**WHAT NEEDS TO BE DONE:** In the material below, find the line with "Photo - New" and the line with "used 2024 Nissan". Output exactly those two lines and all lines between them, leaving out pictures.

**MATERIAL FOR THIS EXERCISE:**
---*---
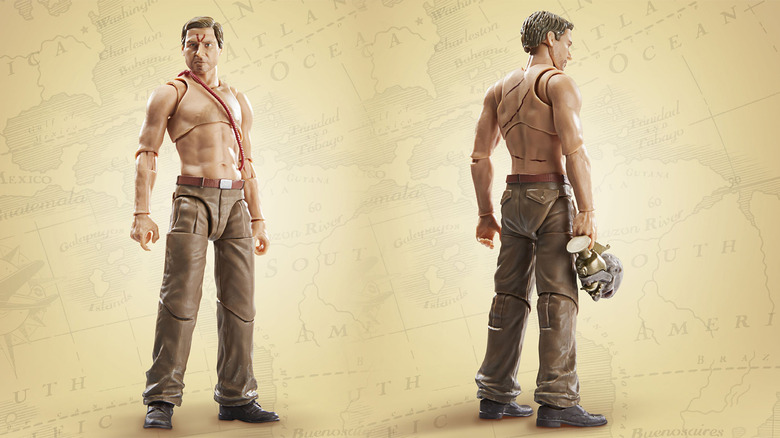 Indiana Jones Action Figures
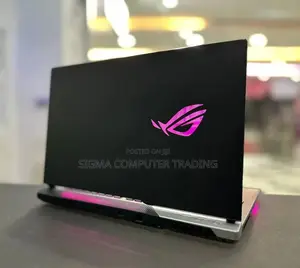 Photo - New Laptop Asus ROG Strix G17 16GB AMD Ryzen 9 SSD 1T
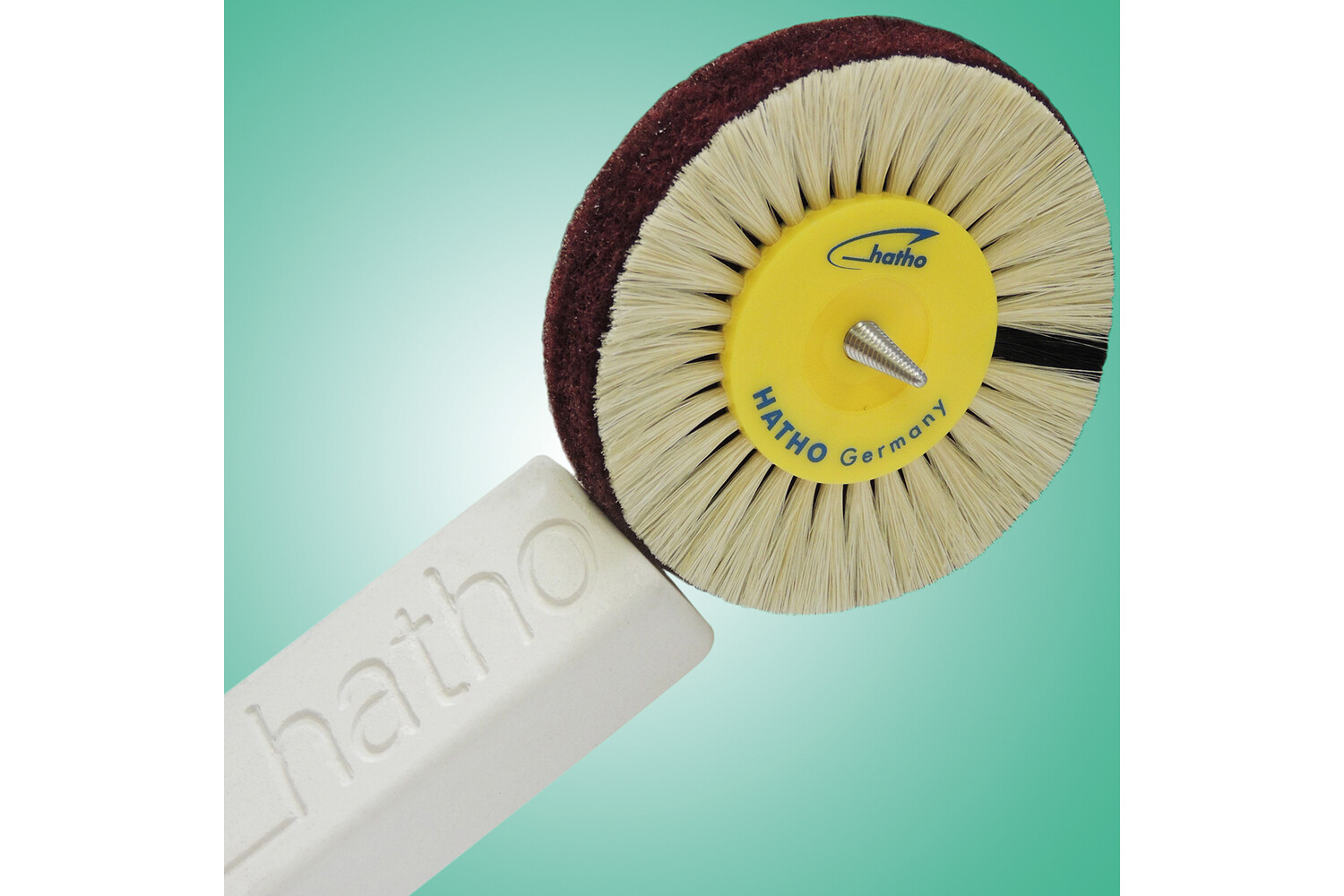 KIT DE POLISSAGE POUR LE PLASTIQUE
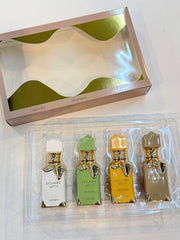 LATTAFA ECLAIRE SET 4IN1 (4x30ML) PERFUME SET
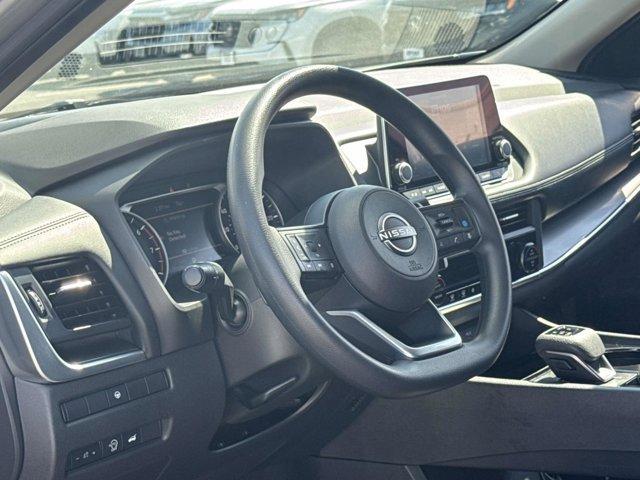 used 2024 Nissan Rogue car, priced at $22,750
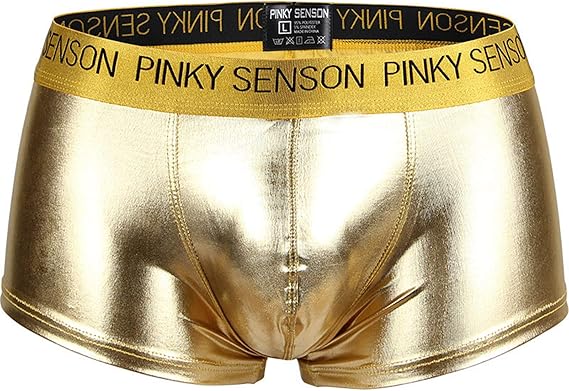 Amazon メンズ下着 ボクサーパンツ 快適フィット ボクサーパンツ ボクサーブリーフ ツルツル素材 立体構造 前閉じ プレゼント ピカピカ レザー 光沢 パンティー トランクス 3d立体成型 ローウエスト下着 高級 男性下着 ボクサー 通販
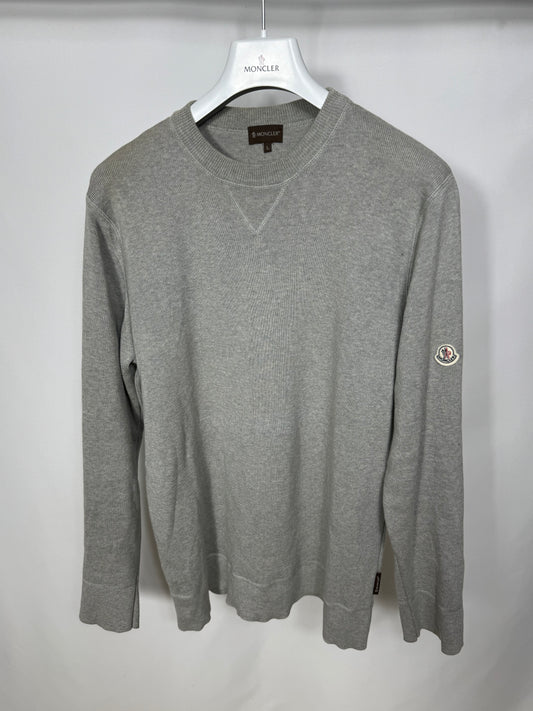 Moncler Wool Sweater - Size L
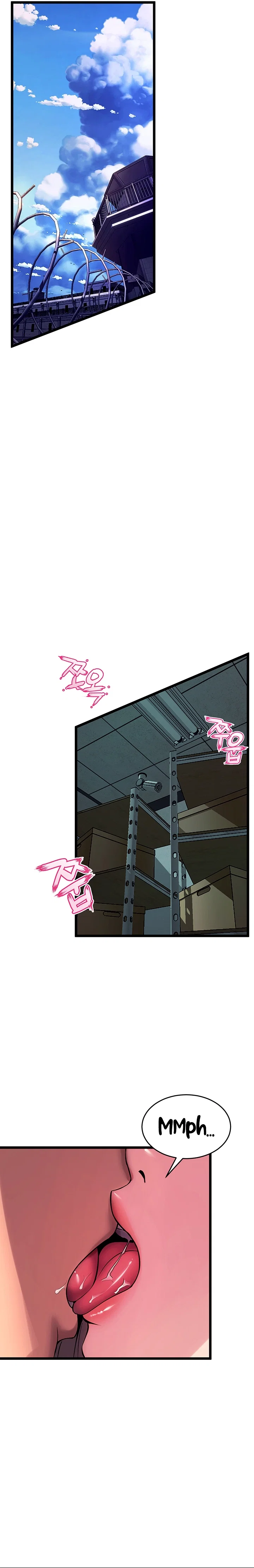 Prison Revenge — Capítulo 36 — página 20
---*---
**REPLY:**
 Photo - New Laptop Asus ROG Strix G17 16GB AMD Ryzen 9 SSD 1T
 KIT DE POLISSAGE POUR LE PLASTIQUE
 LATTAFA ECLAIRE SET 4IN1 (4x30ML) PERFUME SET
 used 2024 Nissan Rogue car, priced at $22,750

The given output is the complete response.